In 1932, 75 years ago this year, the first distinctive chip called Fritos, named after the Spanish word for “fried,” emerged from the San Antonio kitchen of Daisy Dean Doolin. The rest is history.
According to Dallas Morning News writer, Joyce Saenz Harris, Mrs. Doolin’s son, C. E. “Elmer” had eaten home-fried corn chips in a Mexican cafe. He was so intrigued by the taste of this particular chip that he went to his mother to borrow $100 to buy the recipe and the right to market it.
Mrs. Doolin not only gave her son her diamond wedding ring to pawn for $100, but once they had the recipe in hand, she undertook all the test frying in her own kitchen. While she fried, Elmer and his brother Earl experimented with perfecting the shape of the chip.
One year later, the brothers moved the Frito Company to Dallas. In 1945, the Frito Company granted H. W. Lay & Company the right to franchise and distribute Fritos in the southeastern United States. In 1961, the Doolin’s Frito Company merged with Lay’s potato-chip empire and became Frito-Lay. In 1965, Pepsi-Cola and Frito-Lay merged and became part of Pepsi Company, headquartered in Purchase, New York. However, the Frito-Lay Company still operates out of its sprawling corporate campus in Plano, a suburb of Dallas.
In the beginning, after the family had settled on the perfect chip, Mrs. Doolin pitched in with the marketing by developing recipes for their fledgling chips. According to legend, one of her creations was the Frito Pie. The simplest version of this concoction is to split open a small package of Fritos, which once sold for a nickel, pour heated Wolf Brand chili on top and eat it with a spoon. That’s the way it’s still served at the Texas Fair in October of each year.

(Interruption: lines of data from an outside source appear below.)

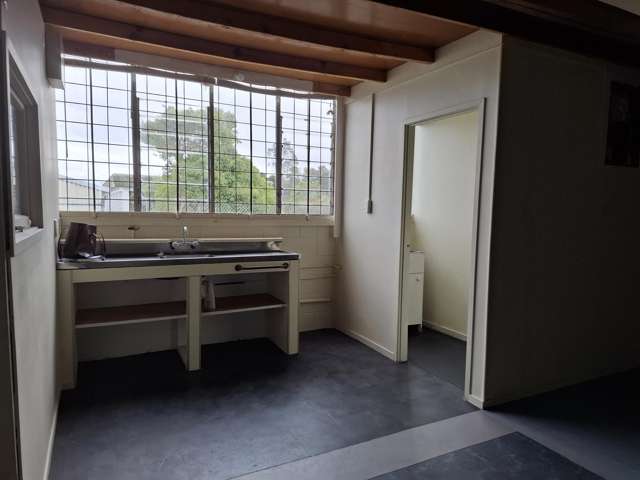 F/4010A Great North Road Kelston_2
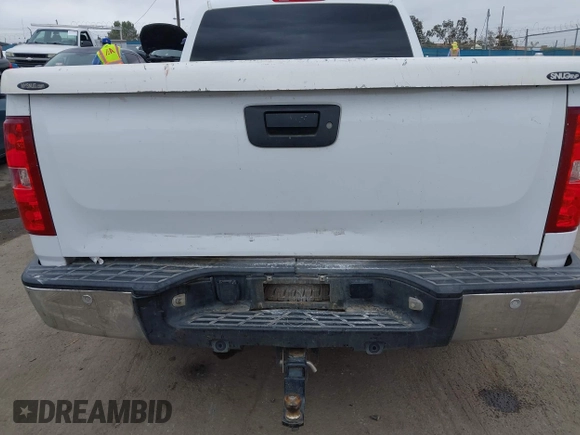 2011 Chevrolet Silverado 1500 LT with VIN 1GCRCSEA5BZ285501, listed as a IAAI auction lot 42194927 with 249,640 mi miles and . Bid and sale history available at DreamBid. Image 6.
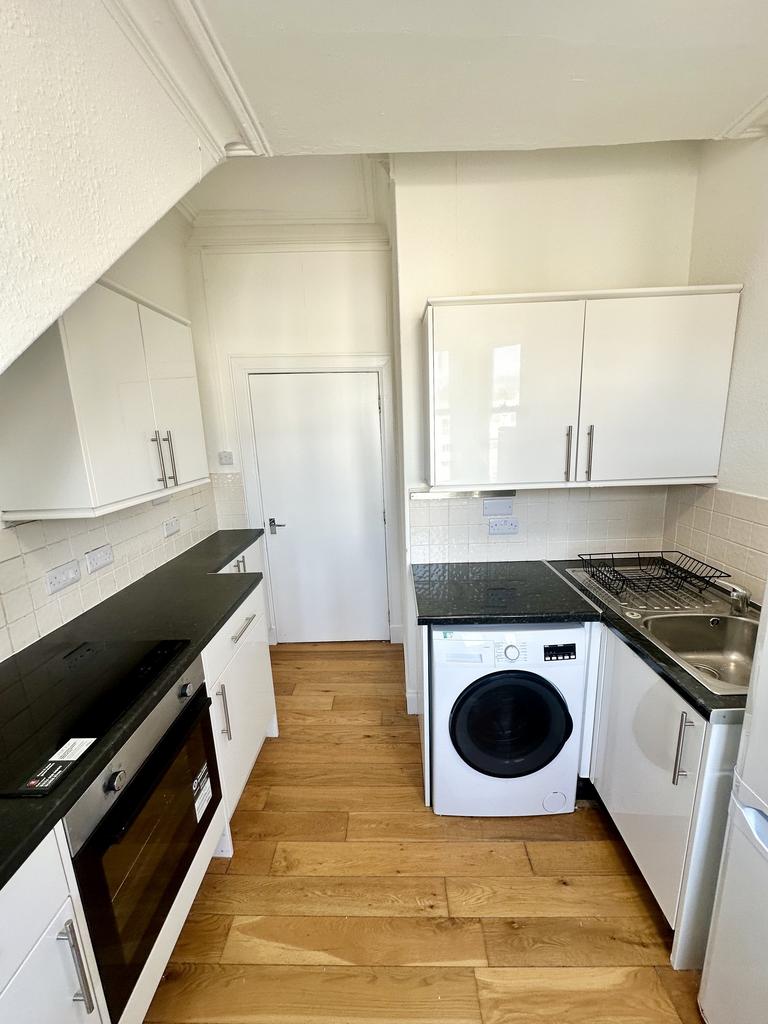 Kitchen (c)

Texans, as they are wont to do, sneer at the claims of their neighboring state that the tasty treat known as Frito Pie was actually invented there. According to their urban legend in Santa Fe, New Mexico, Teresa Hernandez created the snack to serve at the old Woolworth lunch counter in the 1960s.
I have to go with the Texas version of the story, not because I am a native Texan, but because I grew up eating Frito Pie and by the 1960s, I was married and making it myself.
According to Harris, several restaurants, Tillman’s Roadhouse which serves chili made from venison and Sonny Bryan’s which uses smoked brisket in its chili, list Frito Pie on their menus. At one time, Sonic Drive-In in Dallas also listed it on the menu. Although it’s no longer listed on the drive-in menu, Dallas customers can still get it if they ask for it. Nationwide, the chain now offers it as a Fritos Chili Cheese Wrap.
Harris writes, “Which you have to admit, is a clever way of adding carbs to the dish. Sixty-six grams of carbs, in fact, according to the Sonic Web’s site’s nutritional chart.”
My mother had her own twist on Frito Pie. She would spread a layer of Fritos in a jelly roll pan. Then she sprinkled a hefty serving of chopped onions over the chips and cover it all with grated cheese. She placed this concoction under the broiler until the cheese was bubbly. She served a scoop of the chip combination in a bowl and topped it with homemade chili.
As newlyweds in Dallas, our friends often hosted Frito pie parties. Although each host tried to add to the concoction, the choices were always served buffet style and guests could concoct a version to suit their own tastes. The buffet table allowed the most adventurous souls to create a layered dish, starting with a bed of rice, topped with Fritos. After the chili was poured over these two layers, guests could add lettuce, tomatoes, chopped onion, chopped jalepeno chilies, chopped olives, chives, grated cheese, guacamole salad and sour cream.
You get the idea. After the basic recipe of chips and chili, add your own favorite ingredients. As Harris says, “Please remember we’ve already said that Frito pie is not health food. It just tastes really good.”